9. Leistungsstörungen
Fällt die Durchführung eines Auftrags aus Gründen aus,
die der Anbieter nicht zu vertreten hat (etwa softwarebedingt oder aus
anderen technischen Gründen), insbesondere wegen Rechnerausfalls,
höherer Gewalt, Streik, aufgrund gesetzlicher Bestimmungen, Störungen
aus dem Verantwortungsbereich von Dritten (z.B. anderen Providern), Netzbetreibern
oder Leistungsanbietern oder aus vergleichbaren Gründen, so wird
die Durchführung des Auftrags nach Möglichkeit nachgeholt. Bei
Nachholung in angemessener und für den Auftraggeber zumutbarer Zeit
nach Beseitigung der Störung bleibt der Vergütungsanspruch des
Anbieters bestehen.
10. Mitwirkungspflichten
des Auftraggebers bei Reklamationen
Das geschaltete Werbemittel ist vom Auftraggeber unverzüglich nach
dem vereinbarten Schaltungsbeginn zu prüfen. Offensichtliche Mängel
sind unverzüglich nach Leistungsbeginn, verdeckte Mängel unverzüglich
nach ihrer Entdeckung schriftlich zu reklamieren. Unterbleibt die Mängelrüge,
gilt das Werbemittel als mängelfrei. Der Auftraggeber trägt
in diesem Fall die Kosten für etwaige von ihm gewünschte nachträgliche
Änderungen.
11. Stornierung
einer Kampagne
Für den Fall der Stornierung einer laufenden Kampagne durch den Auftraggeber
ist dieser zur Zahlung einer Stornierungsgebühr von 40 € verpflichtet.

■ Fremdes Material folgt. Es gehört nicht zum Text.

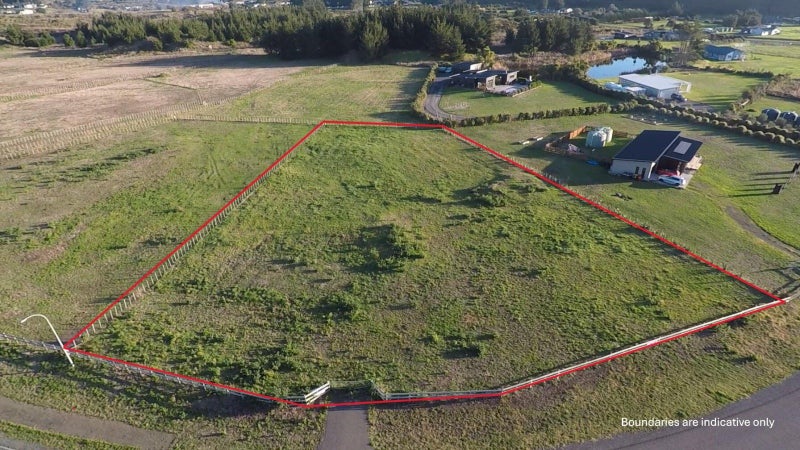 16 Truebridge Drive, Waitārere, Levin - Carousel 1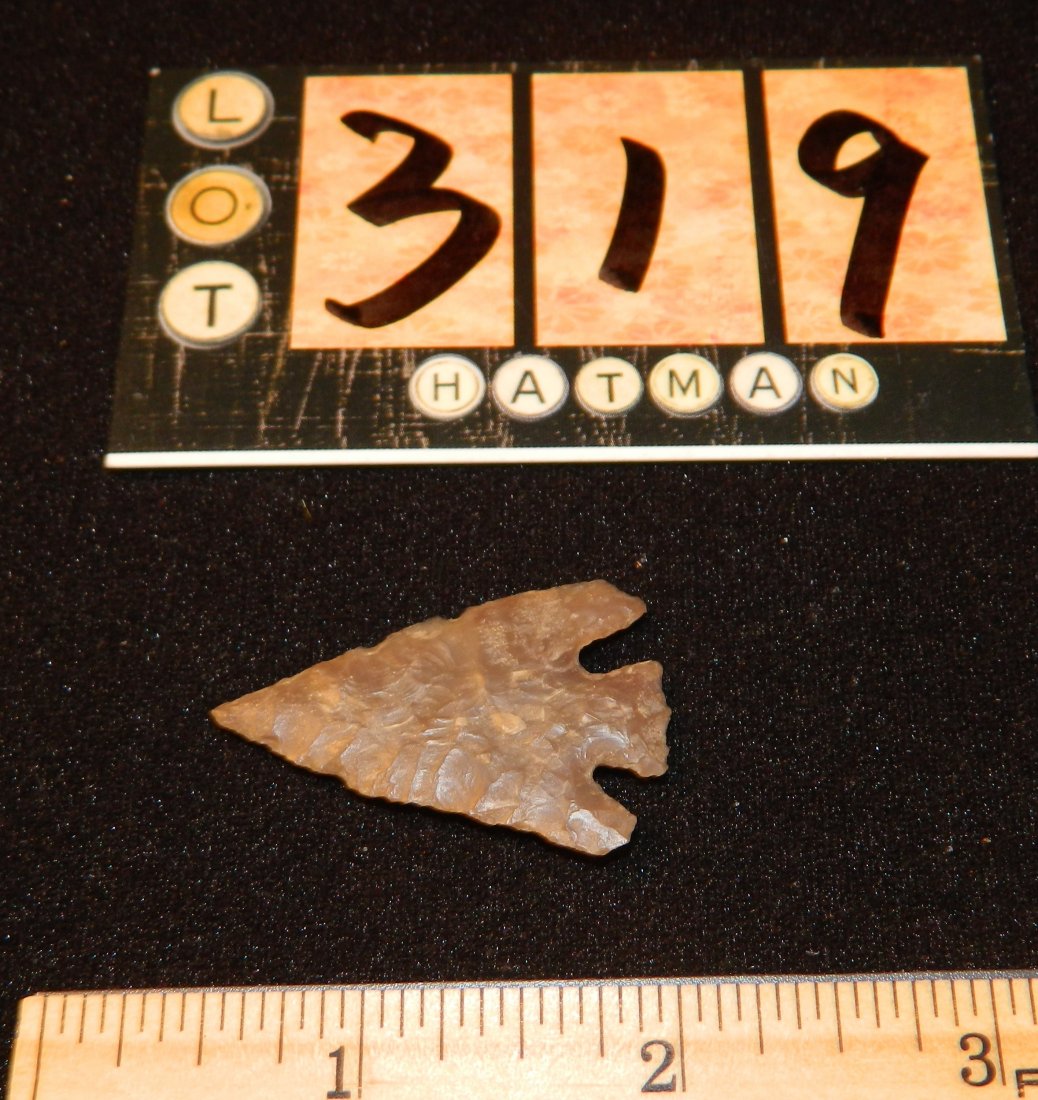 PELICAN LAKE 1 9/16" X 1 1/8" LATE ARCHAIC PERIOD: NO. 33525 ORIGIN COLORADO CHALCEDONY GRADE 10 AUTHENTICATED WITH BAKER COA.See Photos for measurements and condition.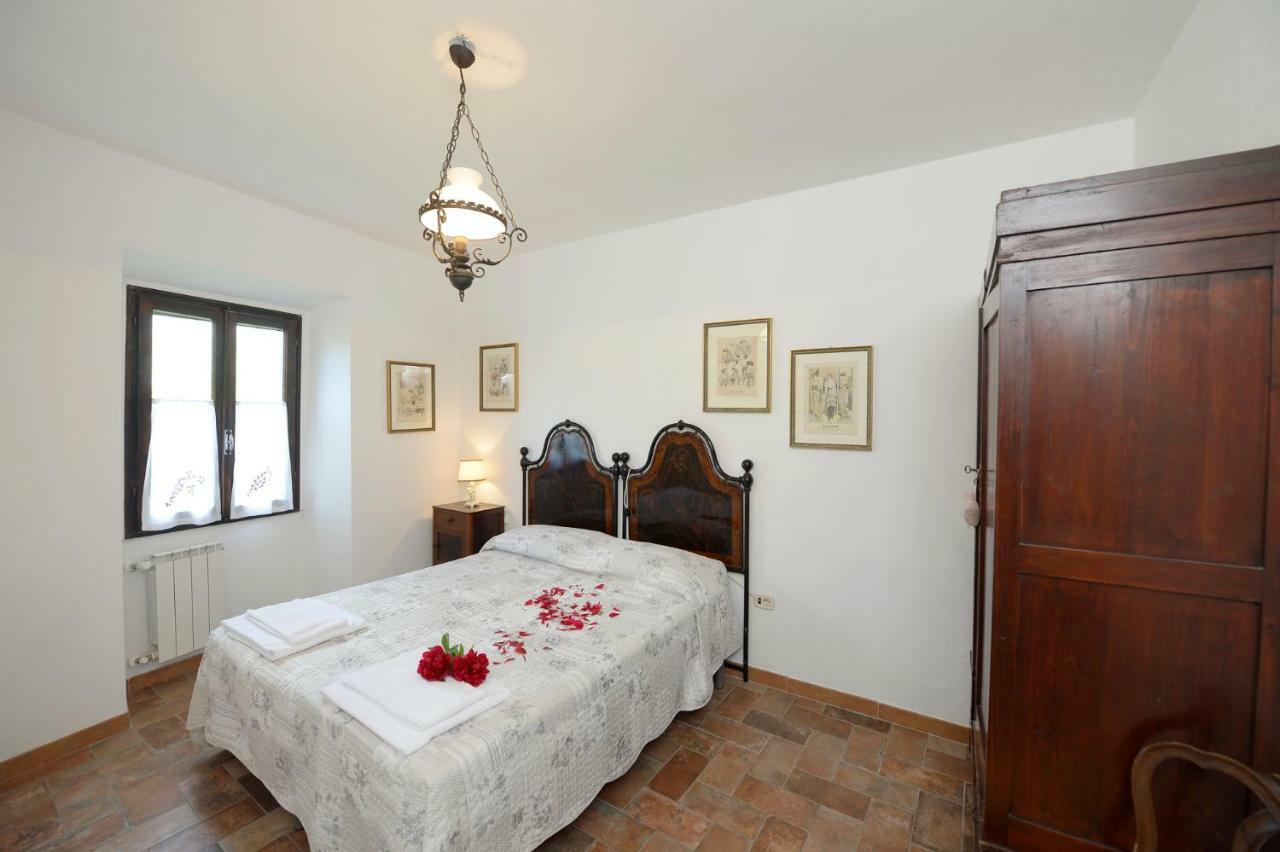 Casa Vacanze Podere Ugolini ロンタ エクステリア 写真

Der Anbieter benötigt eine Vorlaufzeit bis zur endgültigen Stornierung
von 4 Werktagen.
12. Platzierung
von Werbemitteln
Die Werbemittel werden auf der einvernehmlich festgelegten Seite bzw.
Stelle des Online-Mediums des Anbieters platziert. Bei fehlender Festlegung
erfolgt die Platzierung nach eigenem Ermessen unter größtmöglicher
Berücksichtigung der vermuteten Interessen des Auftraggebers durch
den Anbieter.
13. Preisliste
Es gilt die zum Zeitpunkt der Auftragserteilung im Internet unter schlaganfall-info.de
veröffentlichte Preisliste.
Gegenüber Unternehmen bleibt eine Änderung vorbehalten. Für
vom Anbieter bestätigte Aufträge sind Preisänderungen allerdings
nur wirksam, wenn sie vom Anbieter mindestens einen Monat vor Veröffentlichung
des Werbemittels angekündigt werden. Im Falle einer Preiserhöhung
steht dem Auftraggeber ein Rücktrittsrecht zu. Das Rücktrittsrecht
muss innerhalb von 14 Tagen nach Erhalt der Mitteilung über die Preiserhöhung
ausgeübt werden.
14. Zahlungsverzug
Bei Zahlungsverzug oder Stundung werden Zinsen und Einziehungskosten berechnet.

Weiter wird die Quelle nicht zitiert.